● Task instructions
Quote word for word from the line holding "Vince White Pima Cotton Essential T-Shirt" to the last line below, including both, and omit any pictures.

═════ Records ═════

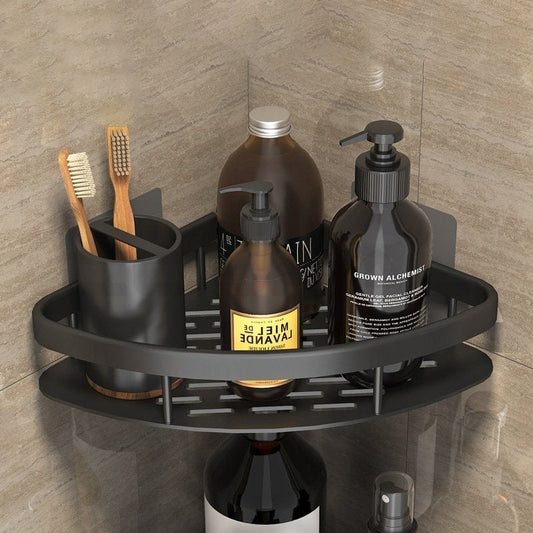 Corner Bathroom Shelves Shampoo Holder in Aluminium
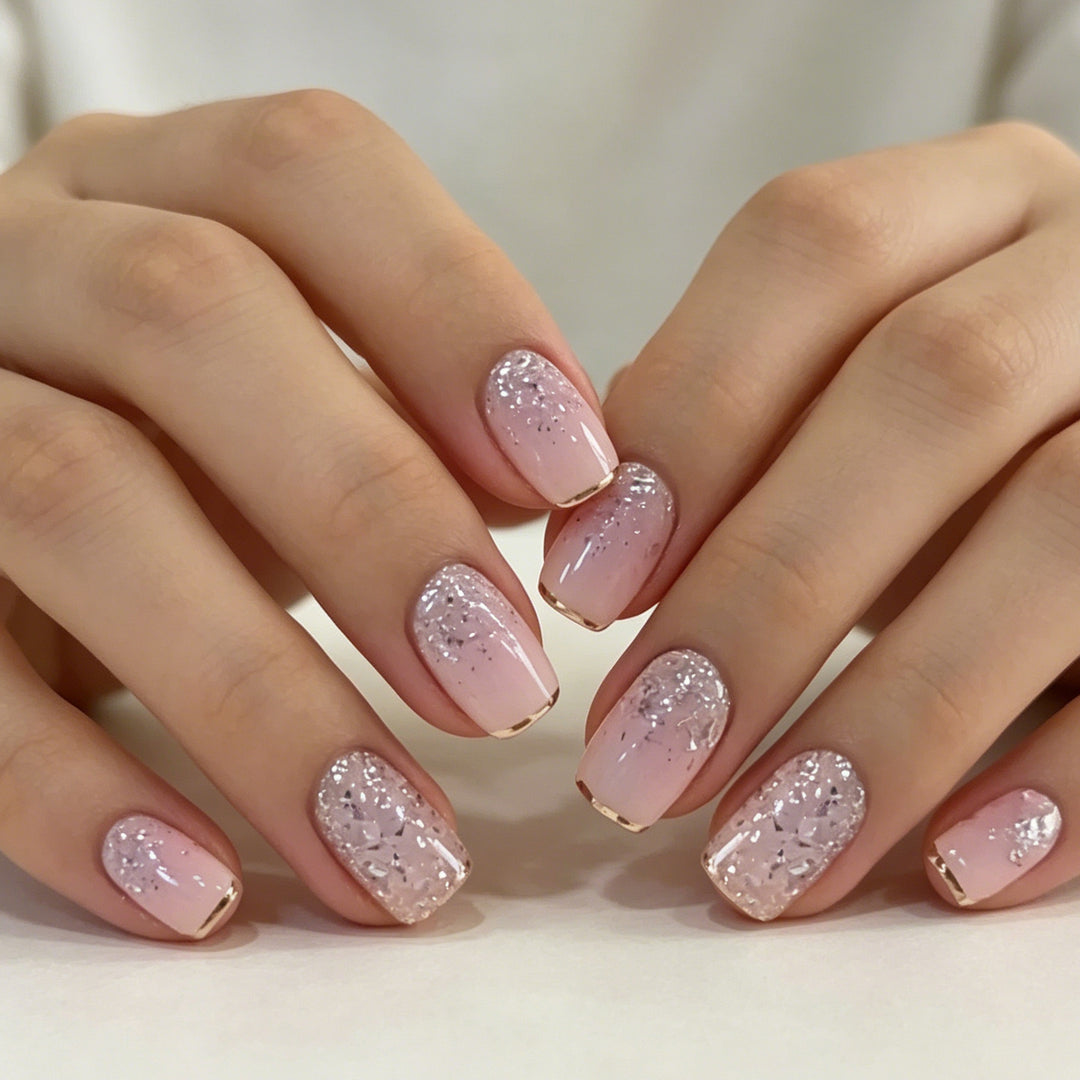 Elegant Glitter Ombre Nail Art Kalsten
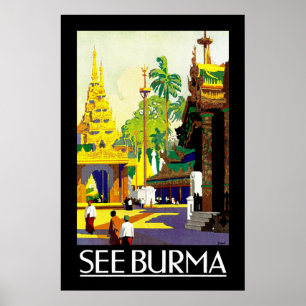Siehe Birma Poster
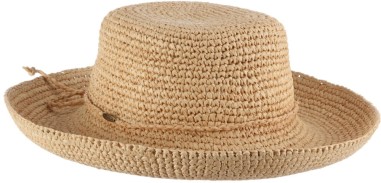 Scala Sienna Petite Crochet Raffia Sun Hat Women Tan REi Co-op IE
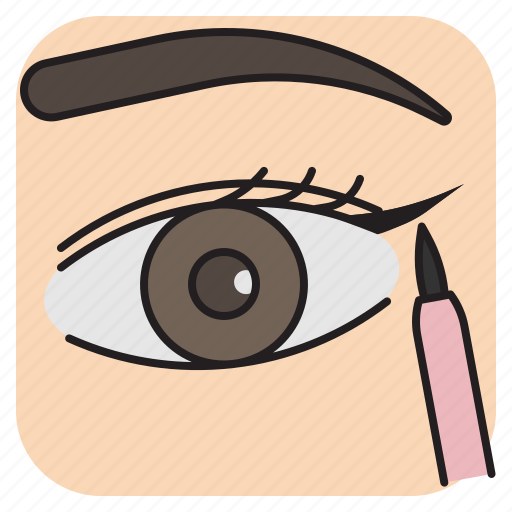 Eyeliner, pencil, eye, eyebrow, eyelash, cosmetic, makeup icon - Download on Iconfinder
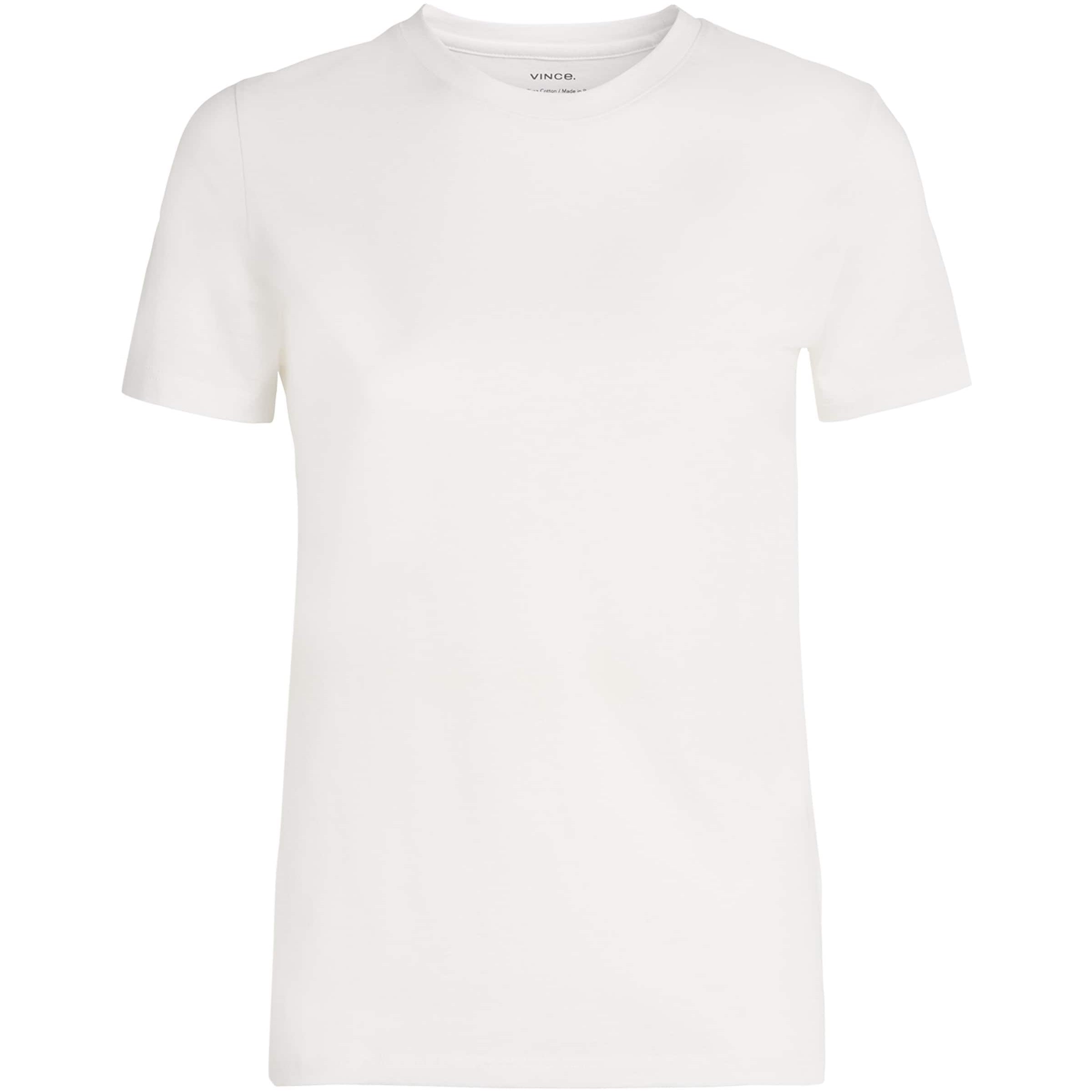 Vince White Pima Cotton Essential T-Shirt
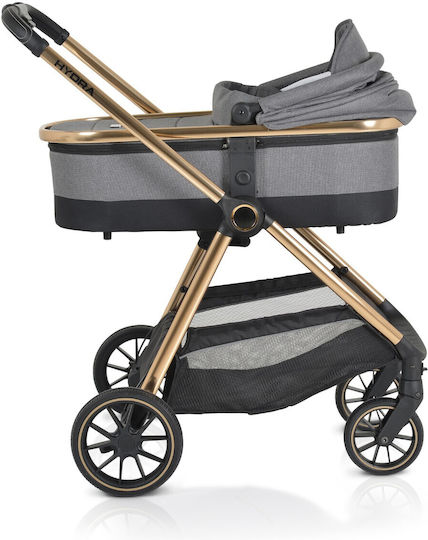 Cangaroo Hydra Adjustable 2 in 1 Baby Stroller Suitable for Newborn Gray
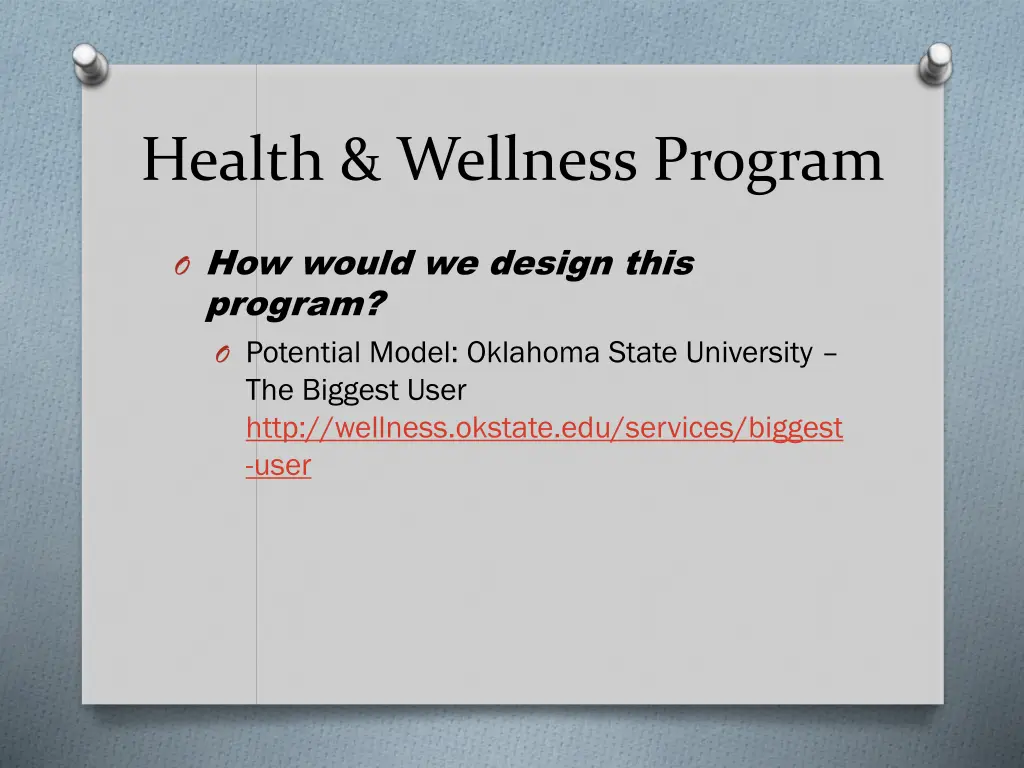 health wellness program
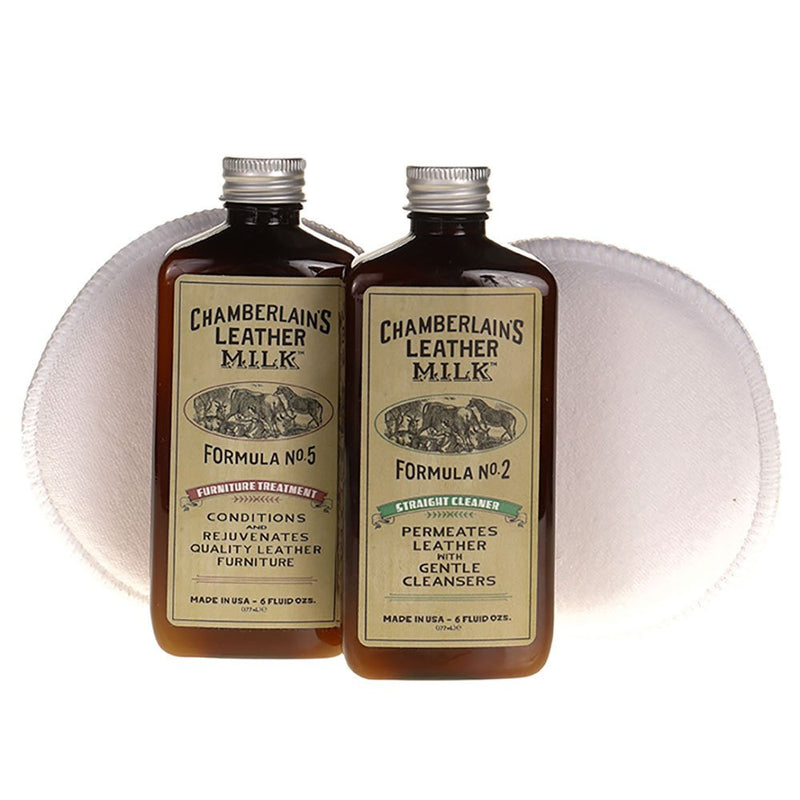 Chamberlain's Clean and Condition Leather Furniture Care Set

═════

● Exercise response
 Vince White Pima Cotton Essential T-Shirt
 Cangaroo Hydra Adjustable 2 in 1 Baby Stroller Suitable for Newborn Gray
 health wellness program
 Chamberlain's Clean and Condition Leather Furniture Care Set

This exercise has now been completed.